Yeni Meclis'te yaşanan krize, bugün olumlu tarafından bakalım. Bu somut kriz bile Türkiye'nin yeni bir anayasaya ne çok ihtiyacı olduğunu gösteriyor. Yani Türkiye'ye, artık geçmiş askeri darbelerin gölgesinden kurtarılmış; "sivil, demokratik, katılımcı, tamamen insan odaklı, özgürlükçü bir anayasa" şart. Böyle bir anayasa yapmadan, Türkiye'yi bugünlerde ısrarla üzerinde durulan, 'evrensel hukuk' zeminine oturtmak kesinlikle mümkün değil. Nihai olarak demokrasinin sınırlarının, daha çok genişlemesi, Kürt sorununun çözümü, halkın seçtiği tutuklu milletvekilleri tablosunun benzerinin, gelecekte yaşanmaması için de gerçekte yeni bir anayasa ihtiyacı iliklerimize kadar hissediliyor. Belki bu krize, bu ihtiyacın bir kez daha çok net görülmesi açısından olumlu yaklaşabiliriz.
Somut tabloya baktığımızda, şurası bir gerçek ki CHP kendi içinde 'demokrasi' söylemiyle ürettiği bu siyasi tavırla, aslında pratik olarak hukuki bir sonuç almak istiyor. Bu nasıl gerçekleşecek hep birlikte göreceğiz.
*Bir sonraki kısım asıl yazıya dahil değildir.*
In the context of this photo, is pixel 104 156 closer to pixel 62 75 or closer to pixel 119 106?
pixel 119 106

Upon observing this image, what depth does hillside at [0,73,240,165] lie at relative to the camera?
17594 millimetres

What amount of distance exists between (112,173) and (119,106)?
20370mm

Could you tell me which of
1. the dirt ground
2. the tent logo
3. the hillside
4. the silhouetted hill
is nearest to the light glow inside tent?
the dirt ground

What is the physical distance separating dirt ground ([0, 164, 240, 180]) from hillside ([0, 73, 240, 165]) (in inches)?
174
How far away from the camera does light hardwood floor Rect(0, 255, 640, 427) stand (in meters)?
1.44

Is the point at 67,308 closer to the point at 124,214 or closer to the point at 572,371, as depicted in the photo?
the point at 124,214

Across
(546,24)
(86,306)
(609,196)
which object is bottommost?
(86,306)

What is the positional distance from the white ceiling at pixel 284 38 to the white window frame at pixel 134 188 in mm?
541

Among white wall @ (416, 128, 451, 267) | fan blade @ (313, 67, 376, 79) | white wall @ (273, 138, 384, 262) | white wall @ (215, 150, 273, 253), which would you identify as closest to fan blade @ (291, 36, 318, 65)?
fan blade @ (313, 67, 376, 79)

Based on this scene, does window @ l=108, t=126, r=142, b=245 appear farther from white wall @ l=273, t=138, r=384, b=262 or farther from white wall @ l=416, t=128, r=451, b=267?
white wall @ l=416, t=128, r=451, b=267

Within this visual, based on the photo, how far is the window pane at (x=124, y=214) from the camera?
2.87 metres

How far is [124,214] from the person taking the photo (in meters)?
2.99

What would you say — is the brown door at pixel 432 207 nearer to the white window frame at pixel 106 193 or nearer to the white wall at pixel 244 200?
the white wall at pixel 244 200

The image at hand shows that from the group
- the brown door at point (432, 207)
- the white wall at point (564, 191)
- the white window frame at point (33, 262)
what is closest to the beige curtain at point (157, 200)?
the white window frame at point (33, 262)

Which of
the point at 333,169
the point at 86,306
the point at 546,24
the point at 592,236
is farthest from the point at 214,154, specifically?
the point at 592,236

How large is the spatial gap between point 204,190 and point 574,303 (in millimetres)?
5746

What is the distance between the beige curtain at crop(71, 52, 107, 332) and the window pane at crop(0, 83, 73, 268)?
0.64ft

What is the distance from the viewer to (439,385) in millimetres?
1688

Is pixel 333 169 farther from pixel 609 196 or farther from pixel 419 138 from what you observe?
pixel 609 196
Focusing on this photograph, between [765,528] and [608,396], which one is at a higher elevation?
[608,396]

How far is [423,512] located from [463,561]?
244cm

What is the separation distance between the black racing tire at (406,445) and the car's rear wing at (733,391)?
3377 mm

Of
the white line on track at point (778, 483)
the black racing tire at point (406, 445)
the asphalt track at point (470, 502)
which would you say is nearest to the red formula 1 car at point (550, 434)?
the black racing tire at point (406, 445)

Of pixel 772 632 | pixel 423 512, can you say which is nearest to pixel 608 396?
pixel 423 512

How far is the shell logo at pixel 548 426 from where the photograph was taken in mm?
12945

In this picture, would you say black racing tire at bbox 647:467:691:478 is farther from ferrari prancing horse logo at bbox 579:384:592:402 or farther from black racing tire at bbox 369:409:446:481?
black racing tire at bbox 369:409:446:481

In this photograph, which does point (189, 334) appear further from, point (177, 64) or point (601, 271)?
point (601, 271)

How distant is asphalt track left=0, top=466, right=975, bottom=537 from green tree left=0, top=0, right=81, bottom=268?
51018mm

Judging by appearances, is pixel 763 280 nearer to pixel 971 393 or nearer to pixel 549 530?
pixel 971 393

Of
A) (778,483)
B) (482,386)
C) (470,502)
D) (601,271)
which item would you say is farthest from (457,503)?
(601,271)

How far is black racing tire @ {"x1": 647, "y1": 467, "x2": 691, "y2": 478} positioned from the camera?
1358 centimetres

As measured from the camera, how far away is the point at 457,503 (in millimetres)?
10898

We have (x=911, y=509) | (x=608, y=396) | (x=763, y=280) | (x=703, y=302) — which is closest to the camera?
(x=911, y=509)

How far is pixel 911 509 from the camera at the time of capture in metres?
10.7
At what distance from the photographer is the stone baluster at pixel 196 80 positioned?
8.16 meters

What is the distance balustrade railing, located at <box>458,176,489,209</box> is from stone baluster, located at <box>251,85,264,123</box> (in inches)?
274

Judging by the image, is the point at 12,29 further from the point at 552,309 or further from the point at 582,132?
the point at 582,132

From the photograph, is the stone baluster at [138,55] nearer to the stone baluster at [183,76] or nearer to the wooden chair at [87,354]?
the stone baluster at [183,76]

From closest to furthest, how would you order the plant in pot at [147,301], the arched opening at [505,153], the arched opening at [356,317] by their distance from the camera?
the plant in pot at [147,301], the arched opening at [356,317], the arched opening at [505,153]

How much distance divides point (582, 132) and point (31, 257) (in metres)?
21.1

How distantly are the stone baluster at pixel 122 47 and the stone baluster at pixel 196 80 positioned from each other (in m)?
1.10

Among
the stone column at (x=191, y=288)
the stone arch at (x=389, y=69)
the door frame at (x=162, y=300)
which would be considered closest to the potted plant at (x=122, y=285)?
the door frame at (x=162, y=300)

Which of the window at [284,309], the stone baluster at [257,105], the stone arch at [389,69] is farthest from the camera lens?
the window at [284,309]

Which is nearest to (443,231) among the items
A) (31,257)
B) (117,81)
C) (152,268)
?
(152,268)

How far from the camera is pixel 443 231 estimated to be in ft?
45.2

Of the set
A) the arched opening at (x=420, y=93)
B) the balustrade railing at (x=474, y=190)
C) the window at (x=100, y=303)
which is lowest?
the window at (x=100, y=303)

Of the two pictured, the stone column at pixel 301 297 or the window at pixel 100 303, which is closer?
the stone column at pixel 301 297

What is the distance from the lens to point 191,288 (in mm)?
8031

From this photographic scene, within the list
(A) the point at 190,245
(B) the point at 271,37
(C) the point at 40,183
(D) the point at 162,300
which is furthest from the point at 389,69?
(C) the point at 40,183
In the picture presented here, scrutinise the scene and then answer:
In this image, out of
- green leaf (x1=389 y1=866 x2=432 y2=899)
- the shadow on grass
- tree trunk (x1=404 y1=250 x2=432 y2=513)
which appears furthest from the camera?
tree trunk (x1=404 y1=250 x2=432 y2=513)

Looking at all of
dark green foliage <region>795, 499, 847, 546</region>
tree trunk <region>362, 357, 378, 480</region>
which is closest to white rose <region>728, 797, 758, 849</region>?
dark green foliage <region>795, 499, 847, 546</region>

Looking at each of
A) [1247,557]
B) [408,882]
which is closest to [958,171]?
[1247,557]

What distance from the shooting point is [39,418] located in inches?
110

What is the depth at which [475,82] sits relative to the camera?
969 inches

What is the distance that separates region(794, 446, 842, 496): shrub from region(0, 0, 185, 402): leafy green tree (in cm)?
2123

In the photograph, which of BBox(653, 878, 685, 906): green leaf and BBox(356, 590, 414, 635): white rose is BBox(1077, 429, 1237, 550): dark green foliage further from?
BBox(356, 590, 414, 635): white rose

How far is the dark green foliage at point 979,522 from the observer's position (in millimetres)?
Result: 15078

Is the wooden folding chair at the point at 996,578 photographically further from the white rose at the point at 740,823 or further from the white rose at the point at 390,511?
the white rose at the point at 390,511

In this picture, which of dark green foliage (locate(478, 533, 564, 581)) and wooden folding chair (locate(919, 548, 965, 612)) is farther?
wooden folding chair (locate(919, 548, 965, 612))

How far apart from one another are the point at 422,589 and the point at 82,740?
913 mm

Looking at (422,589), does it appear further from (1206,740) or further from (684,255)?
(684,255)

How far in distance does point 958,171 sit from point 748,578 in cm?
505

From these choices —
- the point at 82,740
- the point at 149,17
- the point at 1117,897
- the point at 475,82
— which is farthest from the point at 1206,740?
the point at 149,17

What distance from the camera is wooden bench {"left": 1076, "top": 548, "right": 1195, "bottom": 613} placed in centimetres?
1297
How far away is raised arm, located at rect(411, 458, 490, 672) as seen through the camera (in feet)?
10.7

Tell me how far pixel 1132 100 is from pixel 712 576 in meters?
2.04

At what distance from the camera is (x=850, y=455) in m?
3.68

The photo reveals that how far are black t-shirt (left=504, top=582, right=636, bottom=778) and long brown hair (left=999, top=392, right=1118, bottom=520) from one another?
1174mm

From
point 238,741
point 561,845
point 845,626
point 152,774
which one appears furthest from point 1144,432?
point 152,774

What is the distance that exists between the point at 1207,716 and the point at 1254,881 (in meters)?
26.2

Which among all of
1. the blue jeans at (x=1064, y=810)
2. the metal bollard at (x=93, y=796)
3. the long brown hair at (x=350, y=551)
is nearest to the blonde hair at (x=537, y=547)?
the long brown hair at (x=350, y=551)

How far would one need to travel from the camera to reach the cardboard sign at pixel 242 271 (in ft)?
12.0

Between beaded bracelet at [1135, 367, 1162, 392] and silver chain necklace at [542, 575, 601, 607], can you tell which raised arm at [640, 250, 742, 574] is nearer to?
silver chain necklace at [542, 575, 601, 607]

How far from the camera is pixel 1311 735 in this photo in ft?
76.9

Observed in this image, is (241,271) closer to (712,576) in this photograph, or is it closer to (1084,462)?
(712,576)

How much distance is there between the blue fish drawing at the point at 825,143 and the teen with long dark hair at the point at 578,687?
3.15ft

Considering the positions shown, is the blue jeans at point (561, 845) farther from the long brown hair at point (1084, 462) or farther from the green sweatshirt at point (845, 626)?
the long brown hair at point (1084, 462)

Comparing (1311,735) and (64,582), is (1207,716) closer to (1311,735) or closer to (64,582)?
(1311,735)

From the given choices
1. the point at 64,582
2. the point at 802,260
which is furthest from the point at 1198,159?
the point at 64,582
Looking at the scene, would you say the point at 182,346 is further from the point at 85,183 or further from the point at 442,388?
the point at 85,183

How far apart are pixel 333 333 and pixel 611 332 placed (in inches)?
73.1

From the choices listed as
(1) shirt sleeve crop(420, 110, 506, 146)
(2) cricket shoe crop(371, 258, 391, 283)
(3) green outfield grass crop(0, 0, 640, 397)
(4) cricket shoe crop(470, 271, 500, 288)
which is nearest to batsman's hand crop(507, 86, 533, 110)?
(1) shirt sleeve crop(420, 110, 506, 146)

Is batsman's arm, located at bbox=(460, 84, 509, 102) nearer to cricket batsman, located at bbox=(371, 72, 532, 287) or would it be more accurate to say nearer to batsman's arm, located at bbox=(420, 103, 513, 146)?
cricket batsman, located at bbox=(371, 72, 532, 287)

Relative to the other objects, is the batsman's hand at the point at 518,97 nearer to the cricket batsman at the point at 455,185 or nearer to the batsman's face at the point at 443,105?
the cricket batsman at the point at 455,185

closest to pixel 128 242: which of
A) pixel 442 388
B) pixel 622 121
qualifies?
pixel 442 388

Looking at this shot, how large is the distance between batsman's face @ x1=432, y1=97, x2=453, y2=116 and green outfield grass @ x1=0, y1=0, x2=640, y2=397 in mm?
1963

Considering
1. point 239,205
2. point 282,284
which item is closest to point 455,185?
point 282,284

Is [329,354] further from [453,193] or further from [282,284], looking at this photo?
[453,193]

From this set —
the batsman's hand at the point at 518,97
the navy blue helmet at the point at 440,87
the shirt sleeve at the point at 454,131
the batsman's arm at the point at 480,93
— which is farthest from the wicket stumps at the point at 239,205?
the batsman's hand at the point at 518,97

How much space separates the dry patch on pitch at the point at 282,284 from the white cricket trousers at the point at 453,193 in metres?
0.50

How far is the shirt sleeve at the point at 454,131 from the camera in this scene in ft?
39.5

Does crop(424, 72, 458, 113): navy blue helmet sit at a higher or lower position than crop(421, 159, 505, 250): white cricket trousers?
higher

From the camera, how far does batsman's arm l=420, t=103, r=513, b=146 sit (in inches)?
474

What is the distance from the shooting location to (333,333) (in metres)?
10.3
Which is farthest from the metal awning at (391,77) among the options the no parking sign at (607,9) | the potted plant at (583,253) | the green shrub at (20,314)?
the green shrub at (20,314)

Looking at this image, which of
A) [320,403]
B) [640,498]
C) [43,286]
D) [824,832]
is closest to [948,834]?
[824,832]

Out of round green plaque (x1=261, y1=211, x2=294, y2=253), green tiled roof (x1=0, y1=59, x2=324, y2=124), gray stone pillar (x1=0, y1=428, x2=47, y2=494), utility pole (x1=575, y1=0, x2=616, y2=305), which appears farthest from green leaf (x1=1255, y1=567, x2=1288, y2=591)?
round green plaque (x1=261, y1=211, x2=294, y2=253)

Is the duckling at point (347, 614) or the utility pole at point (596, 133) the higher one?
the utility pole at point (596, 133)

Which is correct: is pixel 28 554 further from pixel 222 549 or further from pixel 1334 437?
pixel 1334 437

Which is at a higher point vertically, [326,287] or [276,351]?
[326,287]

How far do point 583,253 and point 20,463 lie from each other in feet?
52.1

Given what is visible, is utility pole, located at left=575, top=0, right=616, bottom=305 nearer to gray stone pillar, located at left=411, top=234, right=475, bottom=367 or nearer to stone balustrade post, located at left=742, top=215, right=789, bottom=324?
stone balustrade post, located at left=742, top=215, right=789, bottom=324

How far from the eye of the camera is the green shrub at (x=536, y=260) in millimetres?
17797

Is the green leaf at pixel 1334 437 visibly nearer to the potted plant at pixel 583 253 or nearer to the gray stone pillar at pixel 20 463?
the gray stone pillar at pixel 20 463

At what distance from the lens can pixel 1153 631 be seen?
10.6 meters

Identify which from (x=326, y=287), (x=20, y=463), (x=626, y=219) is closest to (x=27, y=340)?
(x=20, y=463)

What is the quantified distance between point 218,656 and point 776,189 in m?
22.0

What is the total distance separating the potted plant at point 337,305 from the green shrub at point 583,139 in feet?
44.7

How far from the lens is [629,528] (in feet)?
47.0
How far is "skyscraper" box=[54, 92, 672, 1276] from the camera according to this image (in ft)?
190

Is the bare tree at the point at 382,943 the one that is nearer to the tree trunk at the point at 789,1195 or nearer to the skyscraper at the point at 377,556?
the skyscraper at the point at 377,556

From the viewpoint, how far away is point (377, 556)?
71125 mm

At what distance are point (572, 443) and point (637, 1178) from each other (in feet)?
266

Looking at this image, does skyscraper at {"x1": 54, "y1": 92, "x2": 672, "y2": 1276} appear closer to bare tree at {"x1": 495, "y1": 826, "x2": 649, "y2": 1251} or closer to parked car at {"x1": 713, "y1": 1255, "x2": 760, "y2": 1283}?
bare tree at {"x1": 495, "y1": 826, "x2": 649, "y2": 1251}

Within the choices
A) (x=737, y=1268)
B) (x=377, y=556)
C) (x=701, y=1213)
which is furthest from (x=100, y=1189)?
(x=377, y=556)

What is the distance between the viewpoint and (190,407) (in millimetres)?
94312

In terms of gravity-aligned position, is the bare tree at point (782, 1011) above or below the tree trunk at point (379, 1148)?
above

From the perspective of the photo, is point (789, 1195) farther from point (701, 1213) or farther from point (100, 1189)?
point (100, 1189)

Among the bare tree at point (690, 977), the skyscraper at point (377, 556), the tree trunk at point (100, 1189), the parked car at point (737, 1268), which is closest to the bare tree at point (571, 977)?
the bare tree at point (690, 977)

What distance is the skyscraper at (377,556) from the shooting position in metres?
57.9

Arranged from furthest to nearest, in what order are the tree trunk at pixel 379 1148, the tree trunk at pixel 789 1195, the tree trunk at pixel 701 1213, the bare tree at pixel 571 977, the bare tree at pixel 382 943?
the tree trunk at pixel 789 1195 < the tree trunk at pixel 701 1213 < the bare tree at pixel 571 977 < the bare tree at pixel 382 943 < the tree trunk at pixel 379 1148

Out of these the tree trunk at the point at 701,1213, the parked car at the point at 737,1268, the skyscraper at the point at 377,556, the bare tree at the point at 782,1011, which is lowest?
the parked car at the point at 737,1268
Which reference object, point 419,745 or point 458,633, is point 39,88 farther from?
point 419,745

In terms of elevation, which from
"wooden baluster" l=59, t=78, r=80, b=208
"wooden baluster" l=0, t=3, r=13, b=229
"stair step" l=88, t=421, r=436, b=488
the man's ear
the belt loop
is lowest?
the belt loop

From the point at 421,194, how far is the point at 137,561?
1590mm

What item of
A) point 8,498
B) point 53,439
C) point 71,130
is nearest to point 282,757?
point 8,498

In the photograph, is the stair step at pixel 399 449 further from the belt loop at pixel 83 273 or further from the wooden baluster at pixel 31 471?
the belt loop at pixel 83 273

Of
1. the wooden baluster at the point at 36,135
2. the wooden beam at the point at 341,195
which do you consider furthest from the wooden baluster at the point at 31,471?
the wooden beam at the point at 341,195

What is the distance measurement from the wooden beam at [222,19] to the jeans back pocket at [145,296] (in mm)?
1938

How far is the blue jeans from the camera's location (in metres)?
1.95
Böyle bir tutum yerine, belki de şu an kulislerde konuşulan, CHP'nin 'CMK'nın bazı maddelerinin değiştirilerek, tutukluluk süresinin iki yılla sınırlandırılmasına yönelik öneri' getireceği fısıltısı, süreç açısından çok daha parlak ve gerçekçi yaklaşım. Siyasi tavırla, hukuki sonuç almak mümkün olamıyor. Bu nedenle, bu tavrın yanında, hukuki öneri geliştirmek çok daha mantıklı. CHP'nin ilk bakışta 'milli irade'ye saygı söylemiyle çelişir görünen 'meclis yemin boykotu', sanki üzerinde çok çalışılmamış, çok az düşünülmüş ya da acele ile gerçekleşen bir tablodan yansıyor gibi.
Dileğimiz bu sorunun çözülmesi, CHP'li vekillerin de bir an önce yemin etmesi. Aynı yaklaşım BDP için de geçerli. CHP'nin ve BDP'nin yeni anayasa sürecine verecekleri katkı, şu an durdukları noktadan, galiba çok daha sahici olacaktır.